Running For History

  • Bill Clinton has often joked about his obsession with history. He once told a black-tie dinner in Washington about his "Posterity War Room" at the White House, where, in defense of his place in presidential history, he would strategize about going "negative on James Buchanan and Warren Harding." But now that he's into his last 100 days, it's no laughing matter. Clinton is vigorously pursuing a campaign to win the ex-presidency--and history. "All kinds of Presidents had significant accomplishments who never get any credit in history because they couldn't control the story line," Clinton said at the start of his second term in 1997, recounts speechwriter Michael Waldman in his new book, POTUS Speaks. Controlling the story line, therefore, is at the top of Clinton's agenda.

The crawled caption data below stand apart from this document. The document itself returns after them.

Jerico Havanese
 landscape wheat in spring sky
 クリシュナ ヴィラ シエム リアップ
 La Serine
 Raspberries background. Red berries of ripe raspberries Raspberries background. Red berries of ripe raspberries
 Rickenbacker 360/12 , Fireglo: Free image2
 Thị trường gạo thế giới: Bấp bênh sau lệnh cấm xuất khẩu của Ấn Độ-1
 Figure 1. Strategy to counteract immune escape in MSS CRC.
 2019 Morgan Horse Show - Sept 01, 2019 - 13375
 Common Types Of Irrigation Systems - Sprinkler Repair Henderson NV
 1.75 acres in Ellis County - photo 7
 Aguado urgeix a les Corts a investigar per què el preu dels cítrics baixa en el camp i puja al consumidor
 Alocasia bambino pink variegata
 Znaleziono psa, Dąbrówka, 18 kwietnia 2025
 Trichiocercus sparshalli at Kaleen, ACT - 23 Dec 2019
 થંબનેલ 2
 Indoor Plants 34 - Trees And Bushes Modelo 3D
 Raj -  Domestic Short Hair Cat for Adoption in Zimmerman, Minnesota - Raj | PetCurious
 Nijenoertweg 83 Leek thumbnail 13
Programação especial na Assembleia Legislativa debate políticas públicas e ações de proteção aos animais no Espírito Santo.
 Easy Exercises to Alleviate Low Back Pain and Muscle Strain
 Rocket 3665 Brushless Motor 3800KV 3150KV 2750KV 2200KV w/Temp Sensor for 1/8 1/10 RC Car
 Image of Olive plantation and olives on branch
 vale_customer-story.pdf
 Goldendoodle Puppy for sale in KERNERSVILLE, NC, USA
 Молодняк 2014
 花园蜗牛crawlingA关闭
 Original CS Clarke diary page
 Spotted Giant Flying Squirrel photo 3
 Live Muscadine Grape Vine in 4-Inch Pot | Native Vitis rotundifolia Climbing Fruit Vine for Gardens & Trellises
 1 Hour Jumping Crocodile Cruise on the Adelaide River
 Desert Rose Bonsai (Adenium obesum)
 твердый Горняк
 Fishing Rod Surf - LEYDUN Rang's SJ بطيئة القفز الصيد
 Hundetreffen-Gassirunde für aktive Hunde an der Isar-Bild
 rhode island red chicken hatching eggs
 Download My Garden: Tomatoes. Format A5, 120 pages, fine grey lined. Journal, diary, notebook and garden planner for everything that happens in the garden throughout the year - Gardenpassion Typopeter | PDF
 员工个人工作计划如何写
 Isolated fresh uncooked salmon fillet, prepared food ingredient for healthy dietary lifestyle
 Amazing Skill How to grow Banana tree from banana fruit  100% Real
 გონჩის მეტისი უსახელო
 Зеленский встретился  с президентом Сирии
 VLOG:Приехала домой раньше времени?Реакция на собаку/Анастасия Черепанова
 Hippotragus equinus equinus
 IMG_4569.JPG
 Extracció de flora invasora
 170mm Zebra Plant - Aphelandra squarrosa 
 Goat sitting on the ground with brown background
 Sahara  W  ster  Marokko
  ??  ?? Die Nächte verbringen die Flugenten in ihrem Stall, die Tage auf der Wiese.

The pursuit has been manic and ambitious in the past months: the China trade bill, the Camp David summit, eight foreign trips to 14 countries, a year-end legislative showdown with Congress, strategizing his wife's senatorial campaign, planning a historic visit to Vietnam. Says Douglas Brinkley, a historian and biographer of Jimmy Carter: "He's treating every day like it's his last day in a Herculean struggle with history, to prove he was on the job and to prove he was a good President."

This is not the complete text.